There are far more sites on the Internet, I agree, but sites being constantly updated with data / content valuable enough to be scraped, don’t come more than 1,000,000.
How about offering a search of data? The data record displayed would have a link to the source? Like Google. That would make things better? I never thought of this. That’s genius thank you!
What if our platform saves you 5 - 10 hours of work? What’s it worth for you in dollars?
ISP offers infra access to the Internet, or human consumable content. But not data.
We are still investigating the possibility of this business model and only have some prototypes. Maybe you would be interested in giving your insights and suggestions? We would be very much honored and grateful!
I’m not buying into what you’re selling but if I were I would recommend starting small with one industry / category and seeing how things go from there. As you have success expand the portfolio / products to include other industries or categories. I would probably recommend doing some market analysis to determine *best market to start with in terms of able to afford your service, willing to pay, and in demand. I will say that scrapping websites without consent is a legal and technical gray area – not something I would recommend building a business upon. Working hand and hand with companies that supply the data is another story.
It seems that arrangement would imply the sites agreement to being scraped. Of course having the agreement stated explicitly and in writing in a contract for each of the sites would offer the best legal protection.
You can see we have HTML, JSON, Excel, CSV, and PDF for all of the data. More formats like MySQL and MS SQL will be added soon.
Would you be interested in something like this considering we will also have the APPS (https://datasn.io/p/763) for you to combine, manipulate, transform, filter, remix, and integrate the data to your own system / website / app?
After investing too much in this project, we are actually pretty desperate right now. Seemed we might solved the wrong problem that didn’t exist after all.
So I started the thread here for your kind suggestions and ideas regarding the business model, seeking any help and insights we can find to brainstorm our way out.

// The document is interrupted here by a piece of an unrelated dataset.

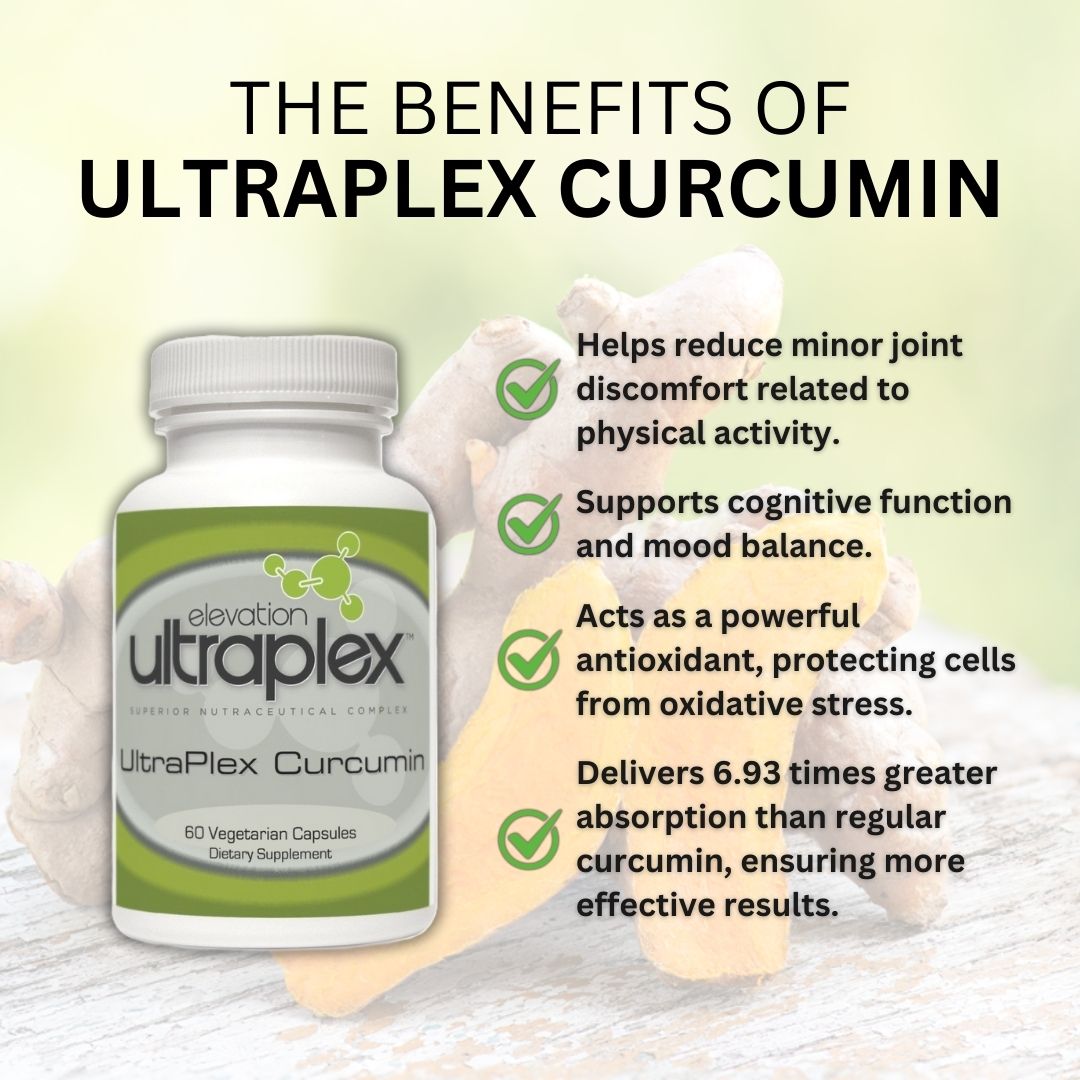 UltraPlex Curcumin – 60 Vegetarian Capsules for Joint, Inflammation, and Antioxidant Support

It seems it may be a good time to change course from just data to one of the following areas:
Specialize in data that are crucial to AI and machine learning, e.g. providing tagged skin disease images to train programs to identify skin diseases
Shift from data to apps that provide easy to use data pipeline and integration tools, e.g. seamless integration of data from multiple sources for content publications or information analysis in real time
See Internet as global climate and we are the global climate observatory that constantly publishes real time data, analysis results and weather (economical) reports.
Your say about our ideas?
We would really appreciate any help we can get. It’s not easy to be a startup.
If any of you are interested in trying our product, just PM me and I’ll exclusively provide any SitePoint member free access to our entire data collections for 2 years. All you may want to do is to provide feedback for us to tune our model to the market. Otherwise we are sitting ducks here.
After seeing the website I’m actually pleasantly surprised. Whether or not this is a viable business I don’t know but it does look like you know what you are doing. Most people just come on here with an idea but you do actually have a decent implementation.
I looked at the Car Parts API that you provided, and after looking at it, I am not sure what it can be used for?
I mean, what customer type is that API calls intended for? I.e., what is the use case the data is intended for?
With your ideas, moving on to cover data for machine learning is not a bad idea as there will be a high demand for this in the future. Assuming you can provide good data sets, the problem here as well will be the marketing. I.e., get your product out to the people that could need it.
Another idea could be to provide datasets that solve a business requirement. For example, data set for validation of zip codes, addresses, etc. for different countries. This would be different from the current data model since it is data that you cannot create by spidering other websites.